*** Entries provided ***

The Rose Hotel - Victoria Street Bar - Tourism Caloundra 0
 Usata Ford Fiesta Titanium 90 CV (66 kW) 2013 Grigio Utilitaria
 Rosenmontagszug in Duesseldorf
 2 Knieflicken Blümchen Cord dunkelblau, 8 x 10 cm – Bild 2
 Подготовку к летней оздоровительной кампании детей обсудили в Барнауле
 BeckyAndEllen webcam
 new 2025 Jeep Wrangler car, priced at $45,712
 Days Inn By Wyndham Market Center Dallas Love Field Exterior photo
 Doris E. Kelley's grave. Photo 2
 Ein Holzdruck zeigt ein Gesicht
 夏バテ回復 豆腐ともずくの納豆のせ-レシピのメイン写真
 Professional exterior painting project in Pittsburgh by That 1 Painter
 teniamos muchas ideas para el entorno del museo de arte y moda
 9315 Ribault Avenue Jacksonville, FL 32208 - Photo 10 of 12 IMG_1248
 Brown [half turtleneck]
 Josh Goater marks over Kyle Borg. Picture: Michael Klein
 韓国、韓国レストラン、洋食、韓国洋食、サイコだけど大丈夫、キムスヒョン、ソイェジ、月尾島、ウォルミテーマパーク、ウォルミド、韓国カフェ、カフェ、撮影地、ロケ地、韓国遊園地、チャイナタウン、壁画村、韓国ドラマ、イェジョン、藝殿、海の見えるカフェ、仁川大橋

*** End of Entries provided ***

• _Exercise directions_
Nothing but the lines from the line that contains "BeckyAndEllen webcam" to the last line of the records above should appear in the answer; please copy them exactly.

• _Task result_
 BeckyAndEllen webcam
 new 2025 Jeep Wrangler car, priced at $45,712
 Days Inn By Wyndham Market Center Dallas Love Field Exterior photo
 Doris E. Kelley's grave. Photo 2
 Ein Holzdruck zeigt ein Gesicht
 夏バテ回復 豆腐ともずくの納豆のせ-レシピのメイン写真
 Professional exterior painting project in Pittsburgh by That 1 Painter
 teniamos muchas ideas para el entorno del museo de arte y moda
 9315 Ribault Avenue Jacksonville, FL 32208 - Photo 10 of 12 IMG_1248
 Brown [half turtleneck]
 Josh Goater marks over Kyle Borg. Picture: Michael Klein
 韓国、韓国レストラン、洋食、韓国洋食、サイコだけど大丈夫、キムスヒョン、ソイェジ、月尾島、ウォルミテーマパーク、ウォルミド、韓国カフェ、カフェ、撮影地、ロケ地、韓国遊園地、チャイナタウン、壁画村、韓国ドラマ、イェジョン、藝殿、海の見えるカフェ、仁川大橋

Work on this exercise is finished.